Si la chronologie des médias occupait déjà une place de choix dans les discussions dans le cadre de la réforme audiovisuelle, la crise sanitaire, qui a mis en pause le projet de loi, ajoute de nouvelles problématiques en modifiant le rapport des spectateurs comme des financiers à la diffusion des œuvres. Pour mieux en comprendre les futurs enjeux, Écran Total a invité à sa table ronde du 22 avril Xavier Couture, producteur et ancien dirigeant de télévision, et deux avocats spécialisés en droit de la propriété intellectuelle, Karine Riahi et Julien Brunet.

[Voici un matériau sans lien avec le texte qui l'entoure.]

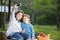 Siblings Taking Selfportrait Through Smartphone At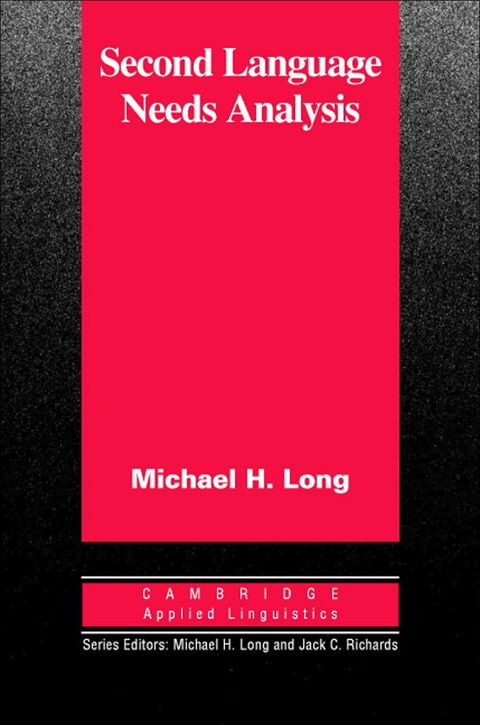 Cover image for book Second Language Needs Analysis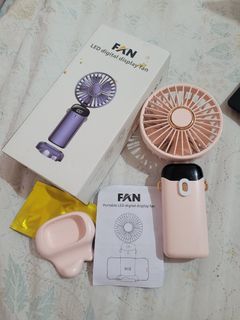 Pink Mini Fan / Handheld Mini Fan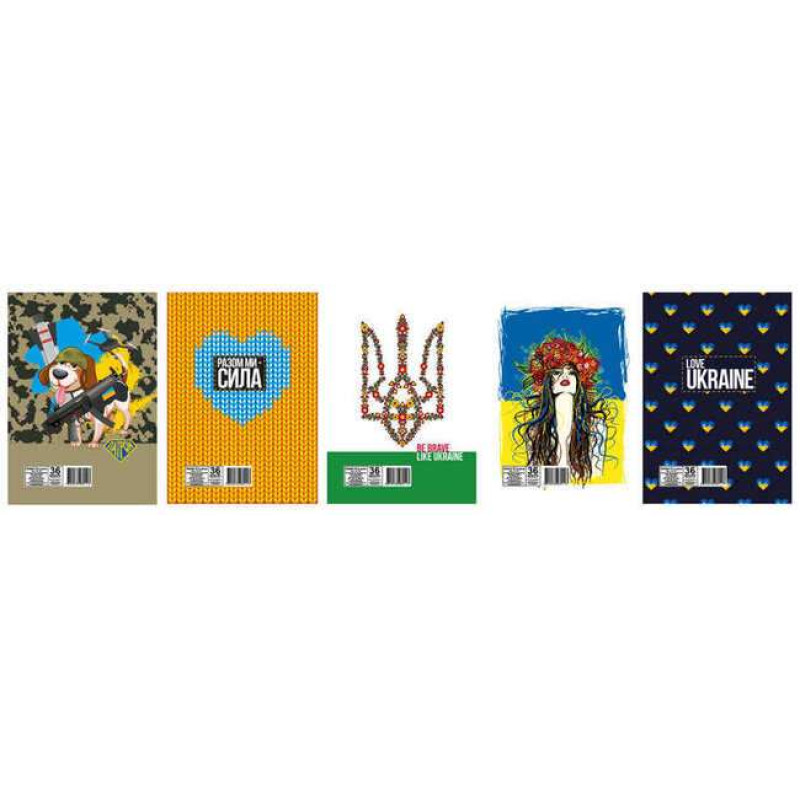 Блокнот патріотичний А7/36 арк на пружині збоку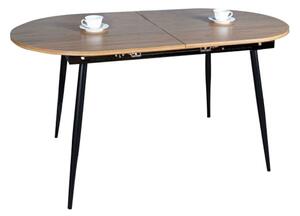Jedálenský stôl 150 CAMERON (dub + čierna) (pre 6-8 osôb). Vlastná spoľahlivá doprava až k Vám domov. 1091474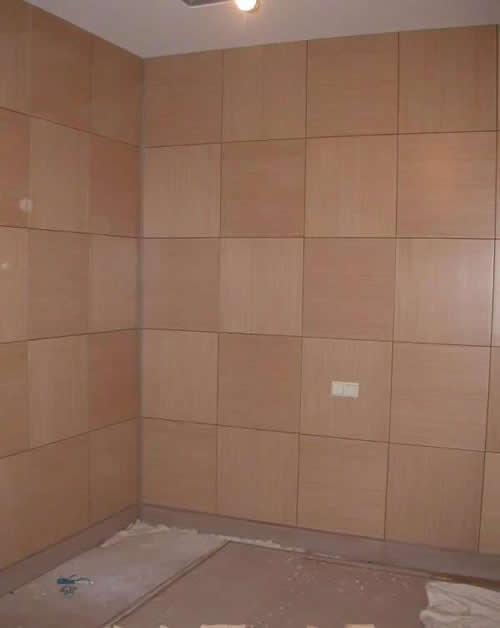 Пример отделки наборными панелями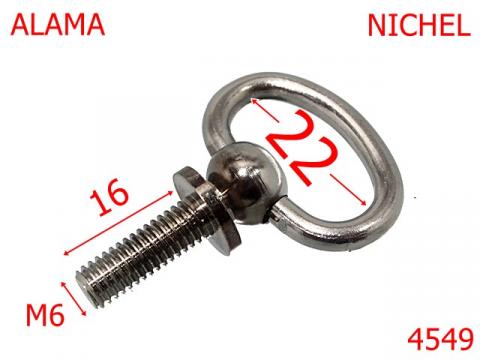 Element prindere harnasament 22 mm alama nichel 4549 de la Metalo Plast Niculae & Co S.n.c.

« Les acteurs de l’audiovisuel et du cinéma se retrouvent dans la même situation que celle du spectateur », analyse Xavier Couture. « Nous vivons un paradoxe avec l’explosion des abonnements Netflix, les performances incroyables de la télévision et un rapport à l’écran qui amplifie la consommation de cinéma, mais pour autant, nous sommes confinés avec l’espoir de retrouver un minimum de lien social et la salle reste un lieu d’exposition fondamental de l’œuvre fondamental. »

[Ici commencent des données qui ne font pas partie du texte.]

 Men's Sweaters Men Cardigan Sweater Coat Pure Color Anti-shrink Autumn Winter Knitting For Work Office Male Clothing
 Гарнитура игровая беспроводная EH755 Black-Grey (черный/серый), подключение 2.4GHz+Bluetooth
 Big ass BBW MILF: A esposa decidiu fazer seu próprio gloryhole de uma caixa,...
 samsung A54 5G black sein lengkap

Cette fois, ce sont trois professionnels en dehors de l’exploitation qui l’affirment : la salle de cinéma doit rester centrale dans la chronologie des médias et est indissociable de la valorisation des films. « La chronologie des médias doit sécuriser la salle. Les cinémas doivent rester le point de départ de cette chronologie des médias et servir de garde-fou. Il faudra être attentif aux résultats des questionnaires envoyés par l’ADRC aux exploitants et aux distributeurs », estime Julien Brunet. Les pistes de réflexion autour d’un assouplissement peuvent davantage s’orienter vers la question du financement des films, pour intéresser les chaînes et les plateformes à la production. Des négociations contractuelles entre producteurs et distributeurs peuvent également s’envisager à la sortie du film, et l’achat des films par les chaînes se faire une fois l’œuvre finalisée. Pour Xavier Couture, il est primordial de ne pas oublier les chaînes de télévision : « On ne peut pas mettre en dehors des discussions les principaux bailleurs. Il faut prendre conscience que le financement et la détention du négatif sont consubstantiels. » Le producteur tient également à faire une mise au point : « L’assouplissement de la chronologie des médias ne doit pas se faire en fonction du piratage car c’est prendre le problème à l’envers. Il y a des moyens pour enrayer ce phénomène, c’est une question de volonté collective. »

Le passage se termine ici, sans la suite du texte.